(Record extracts)
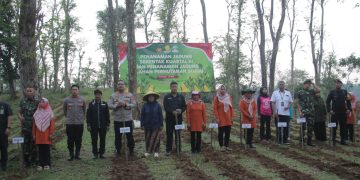 Bersama Forkopimda, Polres Purwakarta Lakukan Penanaman Jagung Di Desa Panyindangan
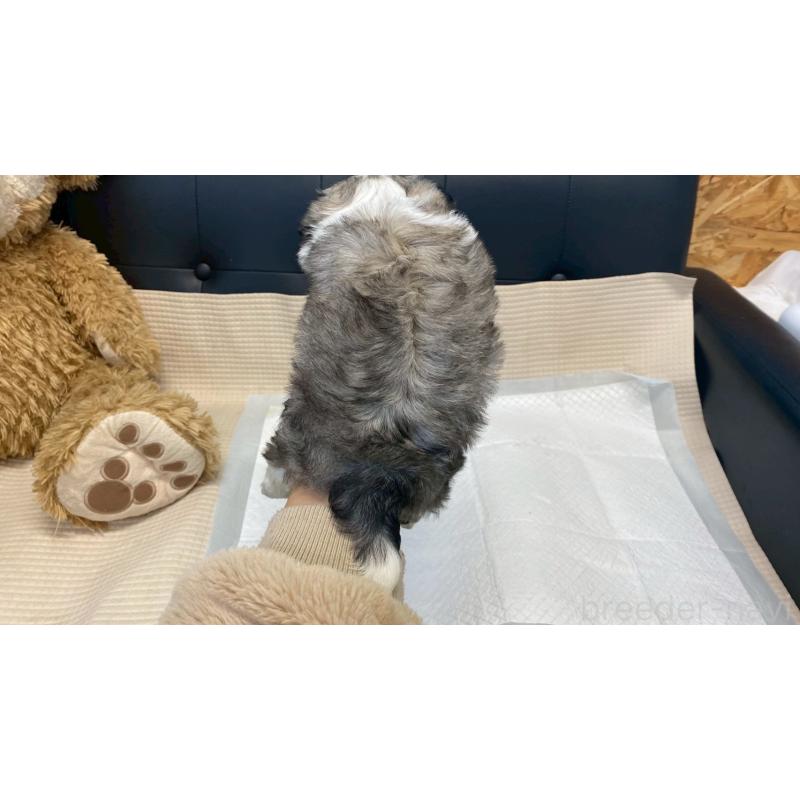 販売中の兵庫県のチワマル:チワワ×マルチーズ-432395の12枚目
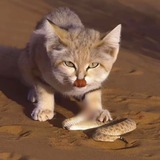 Telegram profile photo for qualityvans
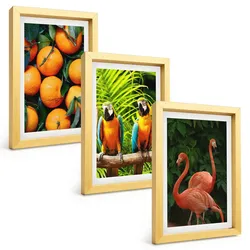 BILDER SET 3er Set - 20x30 cm Goldrahmen - Fruchtige Akzente in den Tropen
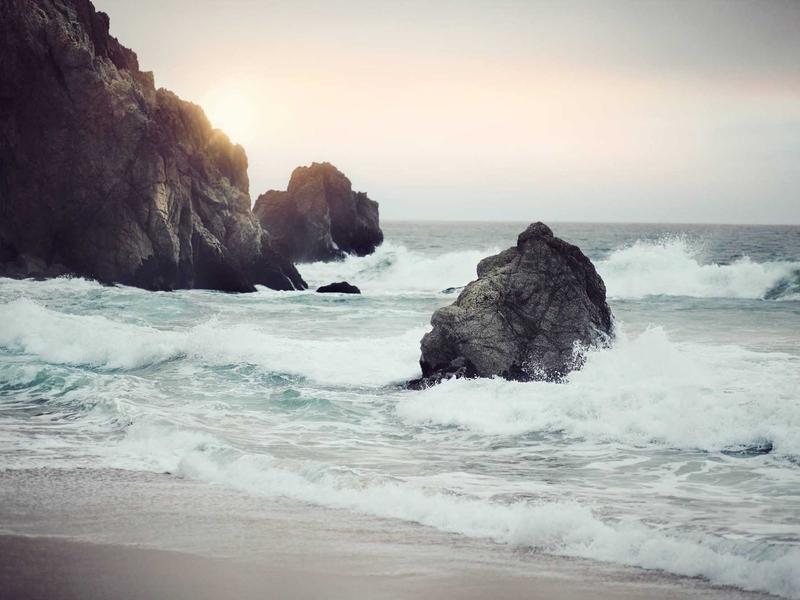 sudoku simple coloring screenshot 4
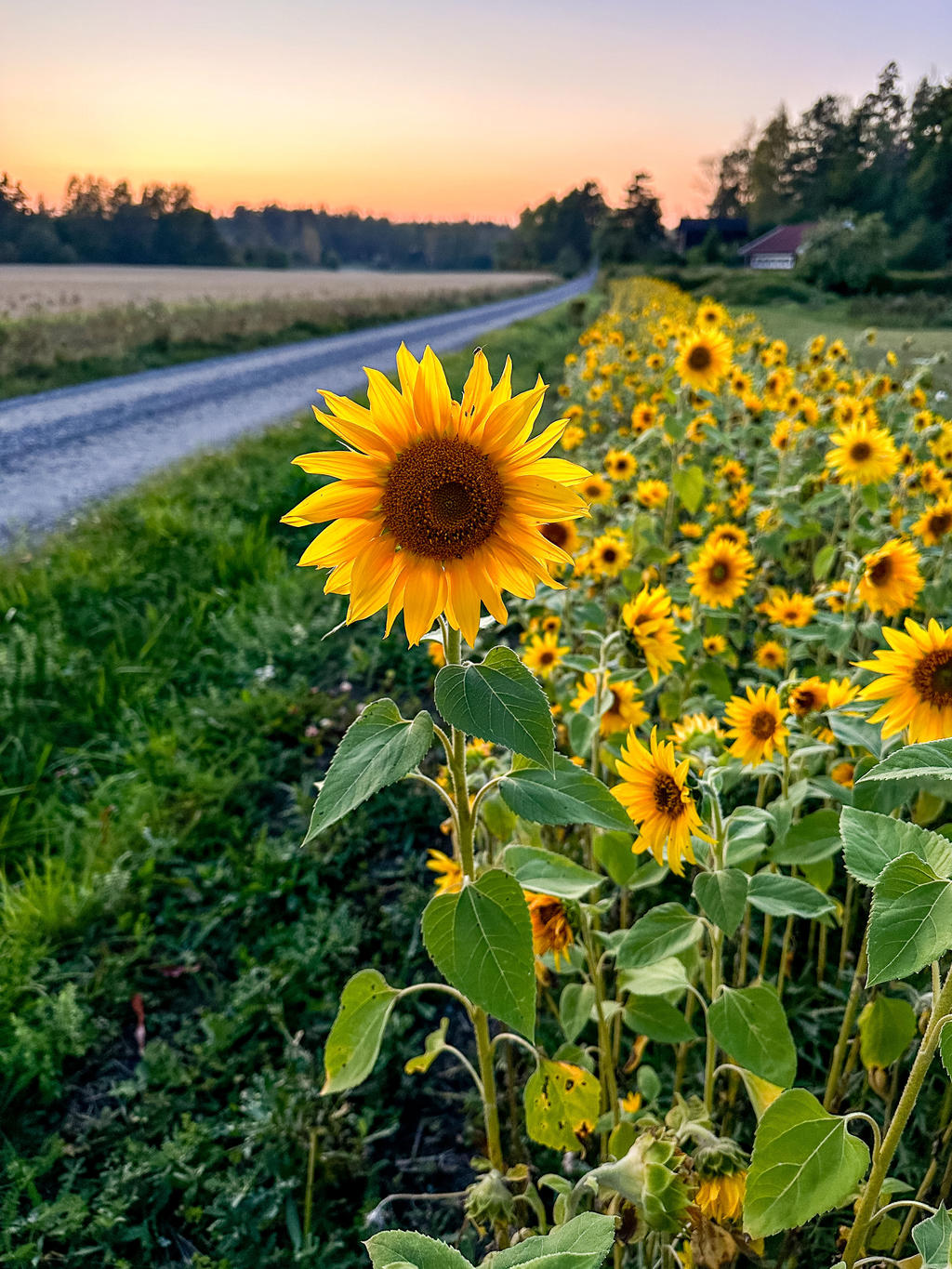 Säljarens egna bilder.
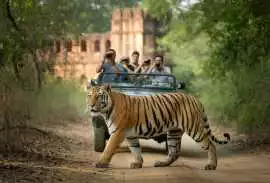 Jaipur Ranthambore Tour Discover Palaces Tigers , Jaipur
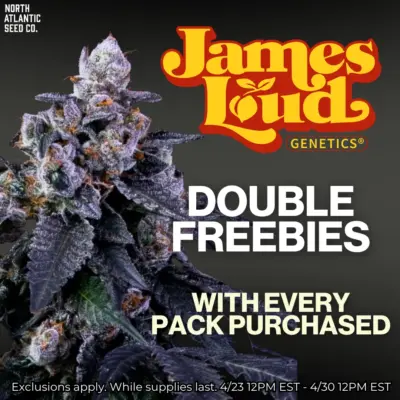 James Loud Genetics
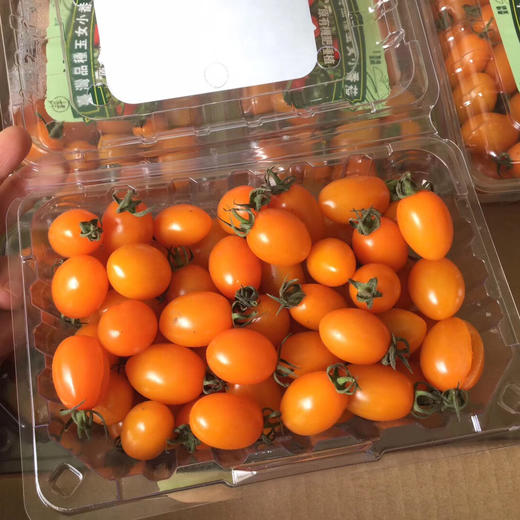 ~玉女番茄（红色好浓的番茄味），传闻用豆浆浇灌的就是这货！我怀疑我以前吃的番茄都是假的[捂脸]超薄的果皮，超甜细腻果肉，口口爆浆，让人身心愉悦的甜度！ 商品图5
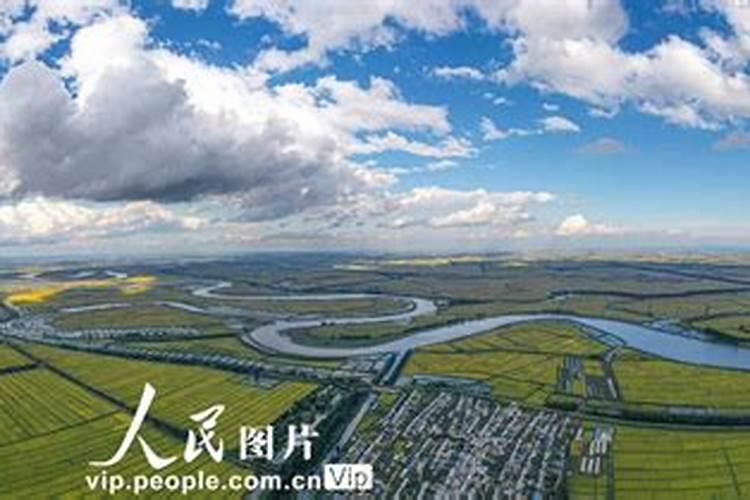 什么叶面肥对水稻最好？了解这些让水稻增产增收!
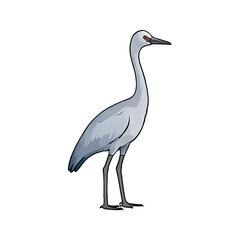 Fototapeta premium Crane Bird Hand Drawn Cartoon Style Illustration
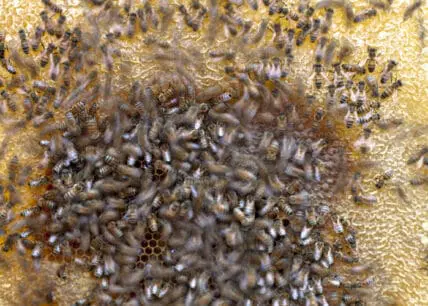 bee swarm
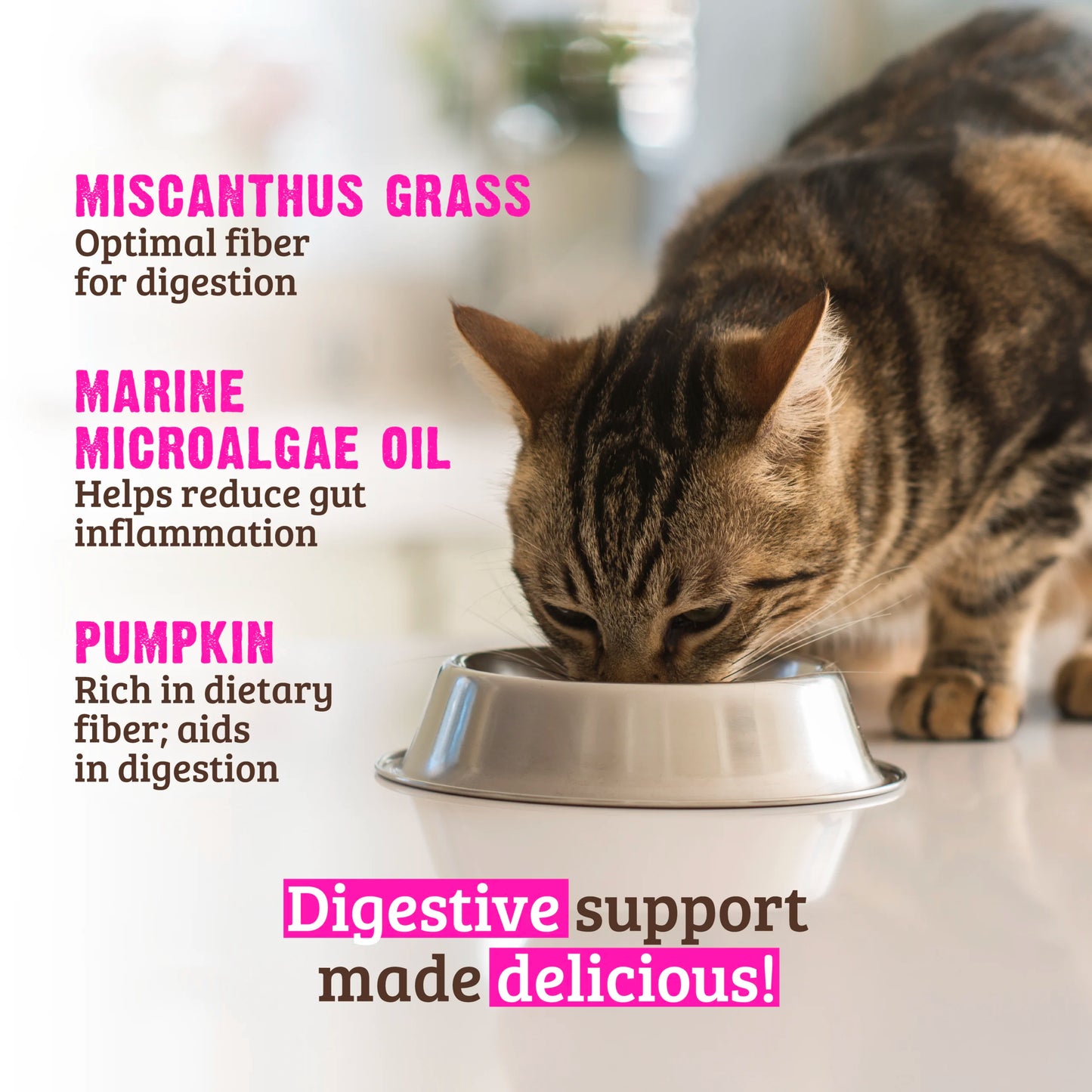 RAWZ Digestive Support Chicken & Salmon Recipe, Wet Cat Food, 5.5-oz Case of 24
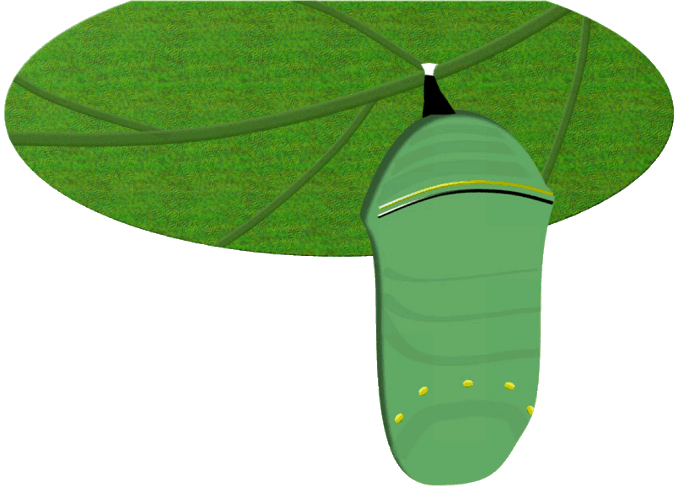 Monarch Butterfly Chrysalis Pupa Insect Life Cycle Complete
(End Record extracts)
Task requirements:
Set down the entries word for word, omitting all pictures.

Exercise response:
 Bersama Forkopimda, Polres Purwakarta Lakukan Penanaman Jagung Di Desa Panyindangan
 販売中の兵庫県のチワマル:チワワ×マルチーズ-432395の12枚目
 Telegram profile photo for qualityvans
 BILDER SET 3er Set - 20x30 cm Goldrahmen - Fruchtige Akzente in den Tropen
 sudoku simple coloring screenshot 4
 Säljarens egna bilder.
 Jaipur Ranthambore Tour Discover Palaces Tigers , Jaipur
 James Loud Genetics
 ~玉女番茄（红色好浓的番茄味），传闻用豆浆浇灌的就是这货！我怀疑我以前吃的番茄都是假的[捂脸]超薄的果皮，超甜细腻果肉，口口爆浆，让人身心愉悦的甜度！ 商品图5
 什么叶面肥对水稻最好？了解这些让水稻增产增收!
 Fototapeta premium Crane Bird Hand Drawn Cartoon Style Illustration
 bee swarm
 RAWZ Digestive Support Chicken & Salmon Recipe, Wet Cat Food, 5.5-oz Case of 24
 Monarch Butterfly Chrysalis Pupa Insect Life Cycle Complete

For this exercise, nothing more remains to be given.